It’s not an uncommon occurrence for a gaming news outlet to be blacklisted by a publisher. You can hear Jim Sterling talk about blacklisted regularly on The Jimquisition. Destructoid was blacklisted by Konami. At one time or another, EGM was reportedly blacklisted by numerous companies including Sony, Midway and Ubisoft. Jeff Gerstmann infamously lost his job at GameSpot over a poor review of Kane & Lynch that resulted in Eidos Interactive threatening to pull ads from the site.
The latest publication to take their blacklisting public is Kotaku. Editor-in-chief Stephen Totilo took to the site to reveal that the company had been cut off by the PR branches of both Ubisoft and Bethesda. While some in games media are standing up for Kotaku, those content consumers that Kotaku are supposed to be producing content for aren’t on their side. When you’re as divisive as Kotaku, there isn’t much sympathy for the devil.
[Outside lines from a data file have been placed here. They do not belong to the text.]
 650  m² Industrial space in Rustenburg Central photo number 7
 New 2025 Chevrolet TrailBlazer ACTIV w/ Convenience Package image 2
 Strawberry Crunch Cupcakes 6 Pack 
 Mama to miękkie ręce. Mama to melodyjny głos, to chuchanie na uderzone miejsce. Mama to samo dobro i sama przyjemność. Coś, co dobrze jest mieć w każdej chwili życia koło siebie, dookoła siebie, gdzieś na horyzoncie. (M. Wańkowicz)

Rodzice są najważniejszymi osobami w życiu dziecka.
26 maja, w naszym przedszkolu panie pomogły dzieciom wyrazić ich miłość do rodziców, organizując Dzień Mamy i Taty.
In a fourth year human resources course, we were posed a question about what we would do if an employee was sleeping with someone from a customer business. I responded with the old Trudeau-ism of “There’s no place for the state in the bedrooms of the nation.” What is personal is personal and it stays that way as long as it doesn’t affect my business.
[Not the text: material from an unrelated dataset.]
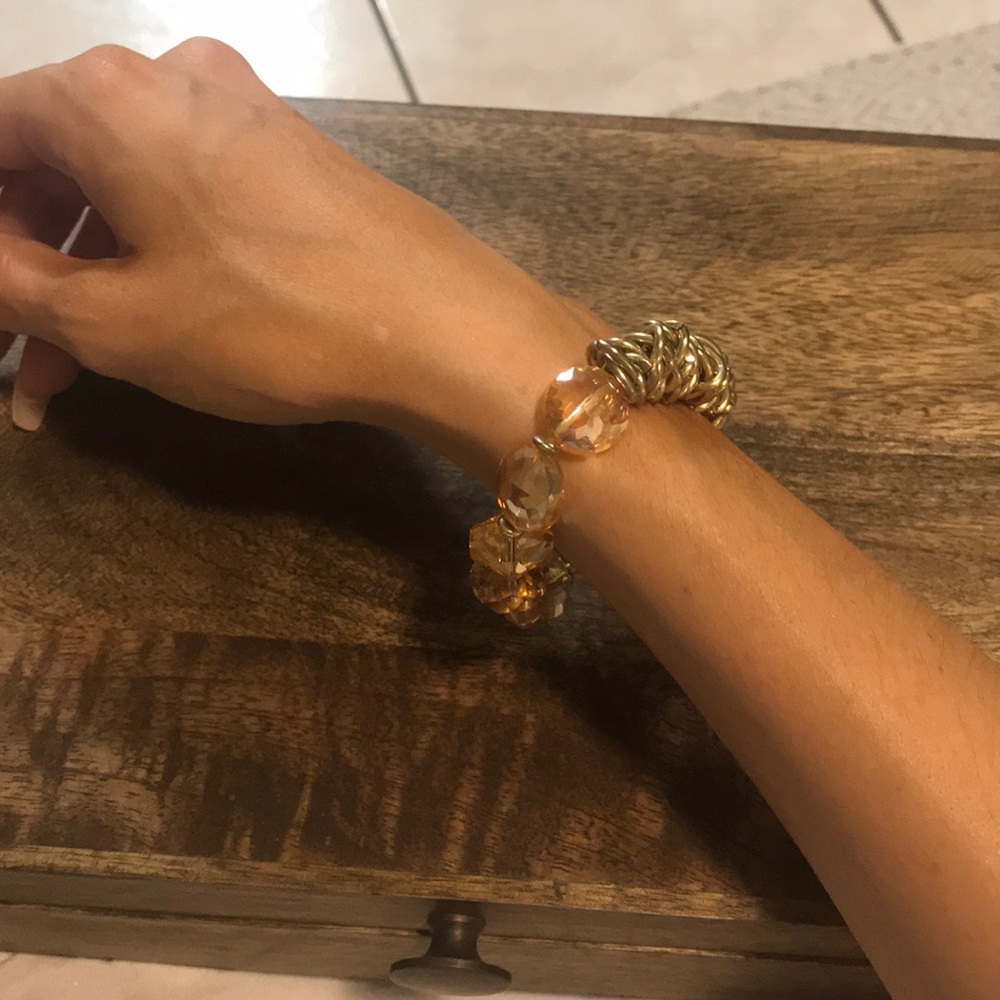 Big gold stretch bracelet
That was the wrong answer according to the professor and whole rest of the class. The implication of the scenario was that my hypothetical employee was sleeping that person to make sales. They couldn’t be using each other just to use each other. She was obviously using him to reach another end.
Gaming is going through this same scenario right now. Zoe Quinn, the developer behind Depression Quest, is mired in scandal after her ex-boyfriend outed her as sleeping with a number of people in the industry, including a writer for Kotaku, which blew up into accusations of Quinn using sex to get positive coverage from the gaming press.